= WORK TASK =
Copy word for word the lines from the start of the records through the line that contains "Vintage Line Art", both included.

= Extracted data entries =
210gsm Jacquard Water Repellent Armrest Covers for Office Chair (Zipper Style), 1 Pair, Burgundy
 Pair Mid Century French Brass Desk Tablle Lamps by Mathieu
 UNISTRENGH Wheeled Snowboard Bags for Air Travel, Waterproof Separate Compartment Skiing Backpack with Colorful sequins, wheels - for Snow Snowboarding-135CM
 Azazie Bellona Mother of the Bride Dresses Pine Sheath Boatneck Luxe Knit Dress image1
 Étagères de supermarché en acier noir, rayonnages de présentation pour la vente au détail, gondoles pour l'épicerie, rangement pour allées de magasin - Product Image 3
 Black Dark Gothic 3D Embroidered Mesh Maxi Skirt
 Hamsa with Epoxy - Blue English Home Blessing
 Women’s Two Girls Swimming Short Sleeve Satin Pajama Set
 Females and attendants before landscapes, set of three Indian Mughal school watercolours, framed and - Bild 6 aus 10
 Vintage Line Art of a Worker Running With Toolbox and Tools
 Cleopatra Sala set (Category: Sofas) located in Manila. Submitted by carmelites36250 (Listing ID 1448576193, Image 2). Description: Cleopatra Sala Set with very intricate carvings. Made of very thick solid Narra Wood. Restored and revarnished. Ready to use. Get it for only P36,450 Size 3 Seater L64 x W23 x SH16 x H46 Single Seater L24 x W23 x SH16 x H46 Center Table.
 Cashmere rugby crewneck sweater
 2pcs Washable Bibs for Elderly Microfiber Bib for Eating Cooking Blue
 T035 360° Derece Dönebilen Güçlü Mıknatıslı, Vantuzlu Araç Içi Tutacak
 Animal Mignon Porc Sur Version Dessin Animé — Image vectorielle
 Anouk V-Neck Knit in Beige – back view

= FINISHED EXERCISE =
210gsm Jacquard Water Repellent Armrest Covers for Office Chair (Zipper Style), 1 Pair, Burgundy
 Pair Mid Century French Brass Desk Tablle Lamps by Mathieu
 UNISTRENGH Wheeled Snowboard Bags for Air Travel, Waterproof Separate Compartment Skiing Backpack with Colorful sequins, wheels - for Snow Snowboarding-135CM
 Azazie Bellona Mother of the Bride Dresses Pine Sheath Boatneck Luxe Knit Dress image1
 Étagères de supermarché en acier noir, rayonnages de présentation pour la vente au détail, gondoles pour l'épicerie, rangement pour allées de magasin - Product Image 3
 Black Dark Gothic 3D Embroidered Mesh Maxi Skirt
 Hamsa with Epoxy - Blue English Home Blessing
 Women’s Two Girls Swimming Short Sleeve Satin Pajama Set
 Females and attendants before landscapes, set of three Indian Mughal school watercolours, framed and - Bild 6 aus 10
 Vintage Line Art of a Worker Running With Toolbox and Tools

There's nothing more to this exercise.